Savvy paid media, such as selected sponsored ads can elevate brands to a higher marketing position, far beyond the reach their budget would usually allow.
Sponsored ads are essentially a way to present links featuring your products or services on Google, social media and other corporate sites. They are online ads and many operate through pay-per-click (PPC); the general concept being that you only pay where a consumer clicks on your ad and therefore you only pay where there is a recognized interest.
The benefits of sponsored ad campaigns can be:
Attractive ROI: Whilst TV spots and glossy magazine ads still demand big fees, online sponsored ads do not. Compared to the potential conversion rate and exposure, online paid media can be a worthwhile return on investment.
Great market reach: If you want consumers to notice you then you need to be seen in all the right places. Google, Facebook and Twitter are global brands influencing the daily lives of consumers.
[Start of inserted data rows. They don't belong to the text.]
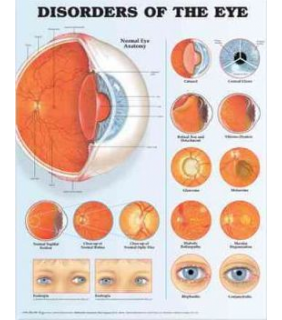 Anatomical Chart Company Disorders of the Eye Anatomical Chart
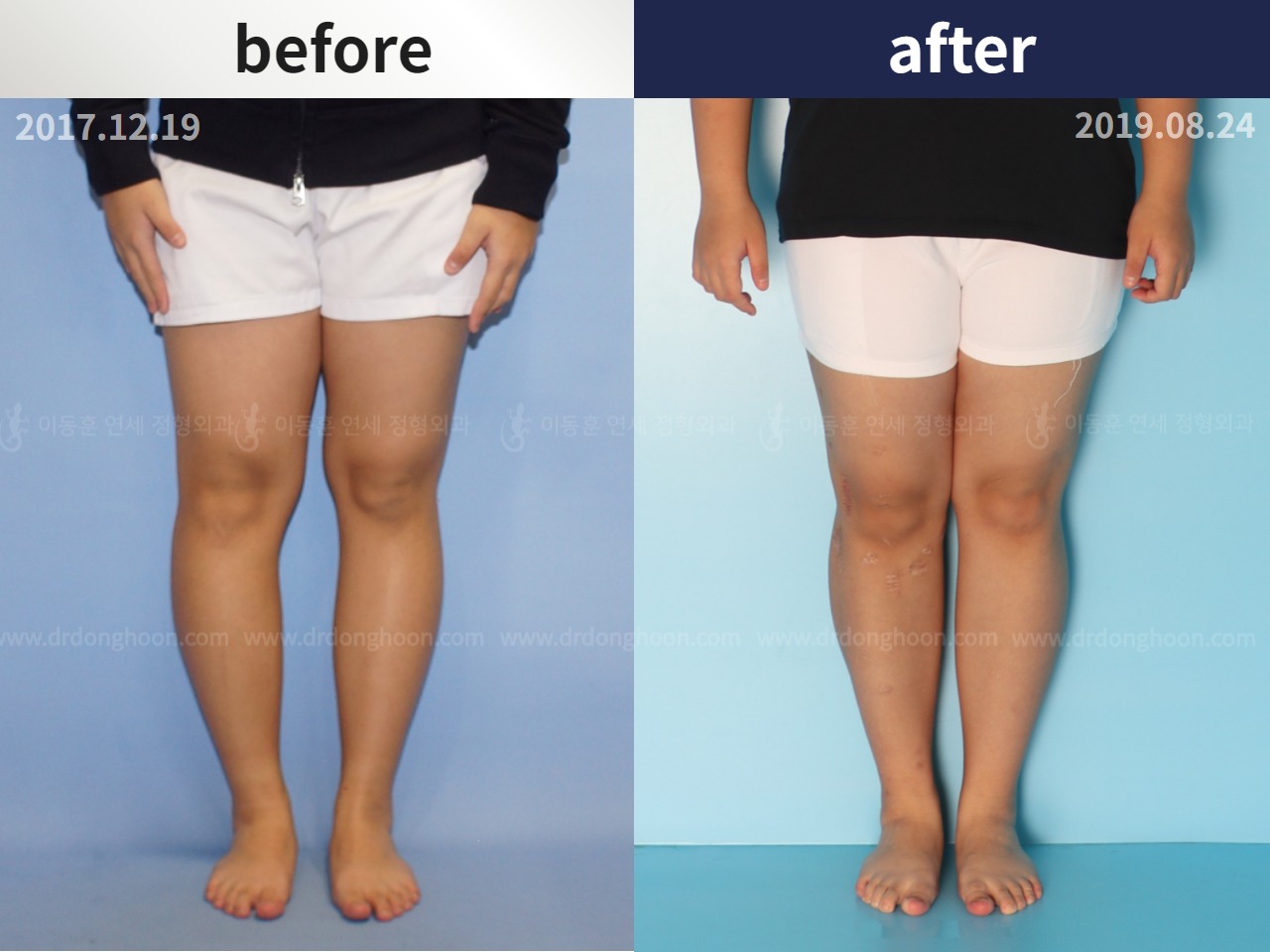 Before and after paediatric & adolescent bowlegs, case 4320272, image 1, Dr. Donghoon institute (DALRI)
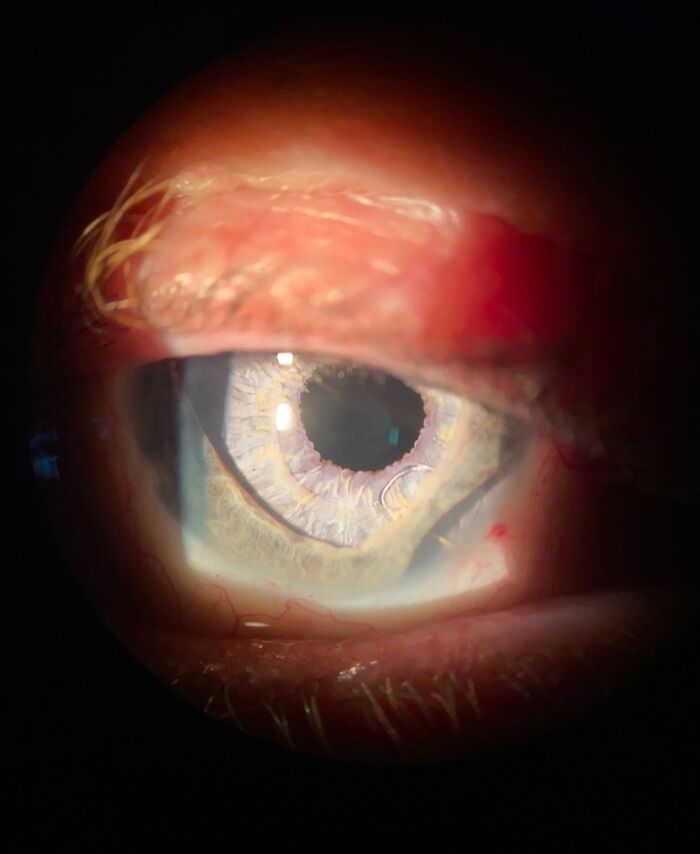 Close-up photo of a human eye showing a unique iris pattern and eye details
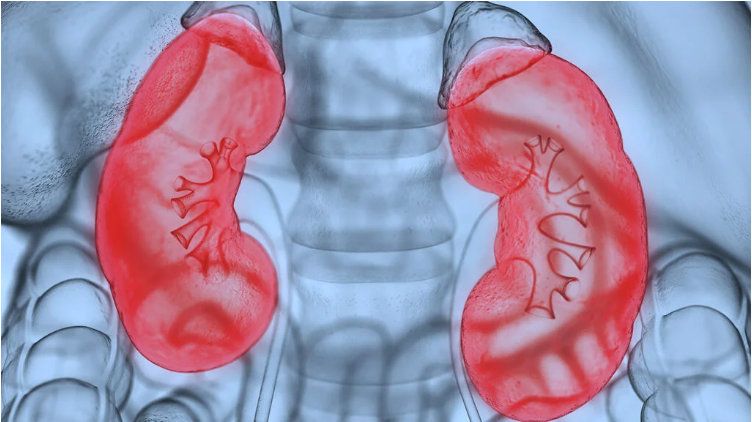 什么是腎病綜合征？癥狀和治療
The important factor with sponsored online ads is that they are targeted and do not rely on a scatter-gun approach.
Driving traffic to your site: Sponsored ads grab the attention of potential consumers, taking them directly to where you want them to go. With the glut of companies vying for attention online, inherently paying for visitors can really bump up traffic. This helps boost your online profile and search ranking status too.
Measureable results: There needs to be a system of monitoring progress and collecting evidence of real results. Due to the online nature of sponsored ads, analytics are simple to understand, user friendly and accessible.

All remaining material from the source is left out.